We recently released a Microsoft Kit that included a text analytics tool. This tool uses a Cortana Analytics Gallery text analytics API to provide sentiment analysis and key phrase extraction. The tool has received positive feedback but is limited to 10,000 records per month before you have to pay a monthly fee. Given this backdrop, I wanted to compare the Microsoft sentiment analysis capability to a couple open source algorithms available.
The Sentiment Tool
The first open source package I identified to try out was the R package "sentiment". The package has long been archived on CRAN but is still available for download. It was not too difficult to leverage this package inside of Alteryx - a few lines of code in the R tool was all that was needed.
The second package came to my attention via a Microsoft blog post. The Stanford CoreNLP project is an expansive "set of natural language analysis tools", even though (for now) I'm only interested in sentiment analysis. I was able to utilize this package in Alteryx via the Run Command tool. Whereas the "sentiment" package gives a total score for an entire block of text, the Stanford package parses each sentence and gives a separate score for each. For the sake of this tool, I averaged these scores together to give a single score for the entire text.
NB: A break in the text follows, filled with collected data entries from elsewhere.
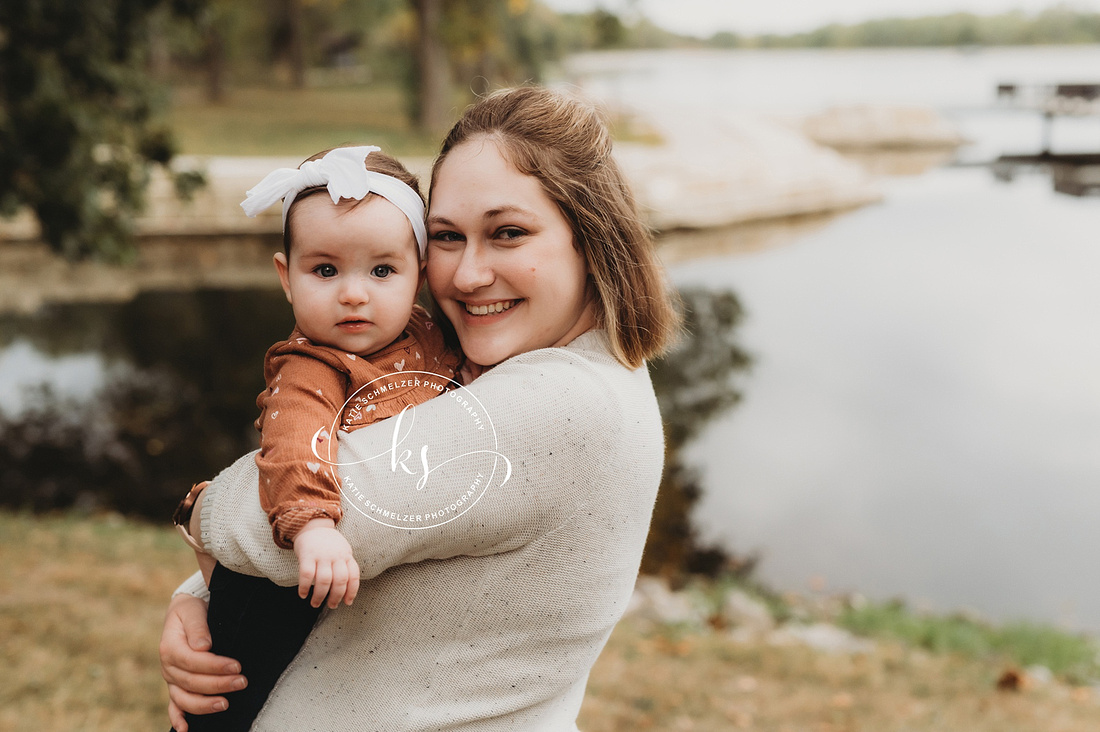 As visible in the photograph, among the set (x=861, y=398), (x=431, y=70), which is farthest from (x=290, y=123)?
(x=861, y=398)

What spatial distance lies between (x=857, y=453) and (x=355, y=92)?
27903mm

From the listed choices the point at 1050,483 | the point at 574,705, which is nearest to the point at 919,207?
the point at 1050,483

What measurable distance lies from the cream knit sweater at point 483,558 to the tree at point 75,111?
4607 mm

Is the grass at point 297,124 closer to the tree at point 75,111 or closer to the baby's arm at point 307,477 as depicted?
the tree at point 75,111

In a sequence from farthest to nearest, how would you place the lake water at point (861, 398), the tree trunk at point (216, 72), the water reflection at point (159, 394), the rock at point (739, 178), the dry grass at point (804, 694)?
the tree trunk at point (216, 72), the rock at point (739, 178), the water reflection at point (159, 394), the lake water at point (861, 398), the dry grass at point (804, 694)

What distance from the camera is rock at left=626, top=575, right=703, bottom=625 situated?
5.93m

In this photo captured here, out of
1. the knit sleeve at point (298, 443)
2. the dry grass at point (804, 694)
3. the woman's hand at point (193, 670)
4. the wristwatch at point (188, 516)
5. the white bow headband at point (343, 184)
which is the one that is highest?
the white bow headband at point (343, 184)

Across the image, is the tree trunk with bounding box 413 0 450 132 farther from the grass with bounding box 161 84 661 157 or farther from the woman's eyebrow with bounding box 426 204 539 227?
the woman's eyebrow with bounding box 426 204 539 227

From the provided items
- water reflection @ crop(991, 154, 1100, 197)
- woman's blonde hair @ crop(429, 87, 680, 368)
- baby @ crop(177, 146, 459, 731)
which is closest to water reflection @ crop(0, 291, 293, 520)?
baby @ crop(177, 146, 459, 731)

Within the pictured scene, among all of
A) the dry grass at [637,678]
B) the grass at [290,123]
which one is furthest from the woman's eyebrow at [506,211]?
the grass at [290,123]

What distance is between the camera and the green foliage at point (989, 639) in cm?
537

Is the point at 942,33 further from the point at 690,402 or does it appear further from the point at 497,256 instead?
the point at 497,256

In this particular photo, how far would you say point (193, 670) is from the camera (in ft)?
4.62

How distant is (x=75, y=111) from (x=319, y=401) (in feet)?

To use the tool you'll need to download each of these packages and point to where you've downloaded them as per the instructions laid out in the tool's interface. (I'm not a lawyer, but I think by forcing you to download the packages yourself it absolves me of all liability of you violating the packages' license terms.) Here's how it looks after I've configured mine:
The Analysis
I'm using Sentiment140 data for the analysis. Basically it's twitter data that's been pre-scored according to emoticons - if a tweet contained a smiley, it's positive; a frowny, negative. (Careful if you want to use this data as it's Twitter, so probably NSFW.) In order to do this for free (see Microsoft API record limit above), I'm limiting to a random subset of 10,000 tweets.
The Microsoft algorithm came out on top for accuracy. Interestingly, it was also the fastest, even though it was leveraging an API over the web.
I've attached the Sentiment tool - feel free to tweak it to see if you can improve the accuracy or performance. I also encourage you to try to replicate my results, either with the Sentiment140 data or some other data source. I'll attach my analysis in the comments upon request.